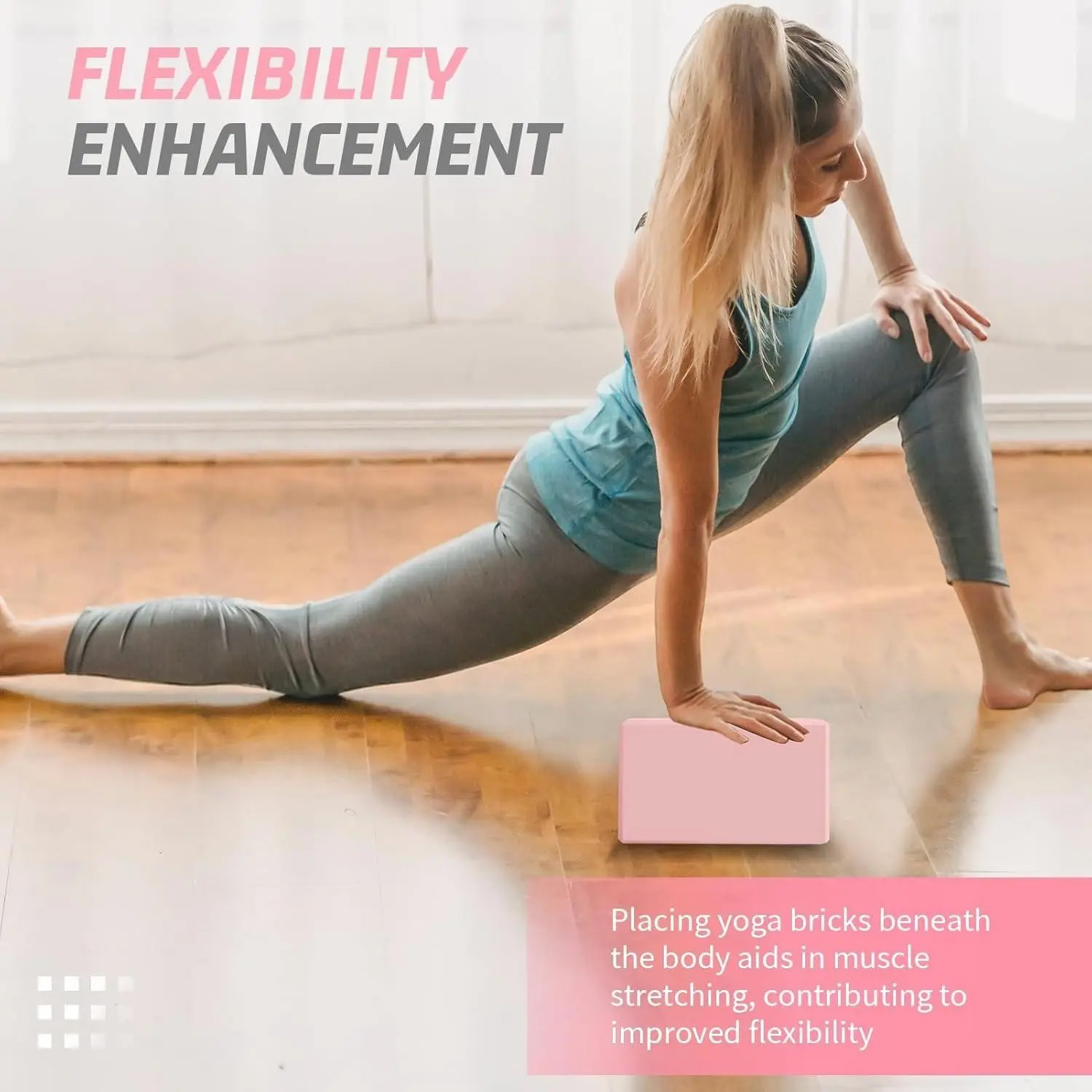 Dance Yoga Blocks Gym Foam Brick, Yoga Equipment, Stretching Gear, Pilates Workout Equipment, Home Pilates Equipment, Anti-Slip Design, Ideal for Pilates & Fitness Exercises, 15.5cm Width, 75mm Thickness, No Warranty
════════════════
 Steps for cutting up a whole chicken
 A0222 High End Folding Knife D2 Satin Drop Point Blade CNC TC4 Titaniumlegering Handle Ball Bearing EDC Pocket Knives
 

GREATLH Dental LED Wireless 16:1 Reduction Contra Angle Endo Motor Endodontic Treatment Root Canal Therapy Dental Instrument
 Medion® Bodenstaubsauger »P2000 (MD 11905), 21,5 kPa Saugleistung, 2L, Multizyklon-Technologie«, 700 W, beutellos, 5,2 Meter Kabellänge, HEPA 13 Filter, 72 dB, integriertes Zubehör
════════════════
What is being asked:
Within the material above, transcribe exactly the lines that run from the line holding "Steps for cutting up a whole chicken" through the line holding "dB, integriertes Zubehör".

Answer section:
 Steps for cutting up a whole chicken
 A0222 High End Folding Knife D2 Satin Drop Point Blade CNC TC4 Titaniumlegering Handle Ball Bearing EDC Pocket Knives
 

GREATLH Dental LED Wireless 16:1 Reduction Contra Angle Endo Motor Endodontic Treatment Root Canal Therapy Dental Instrument
 Medion® Bodenstaubsauger »P2000 (MD 11905), 21,5 kPa Saugleistung, 2L, Multizyklon-Technologie«, 700 W, beutellos, 5,2 Meter Kabellänge, HEPA 13 Filter, 72 dB, integriertes Zubehör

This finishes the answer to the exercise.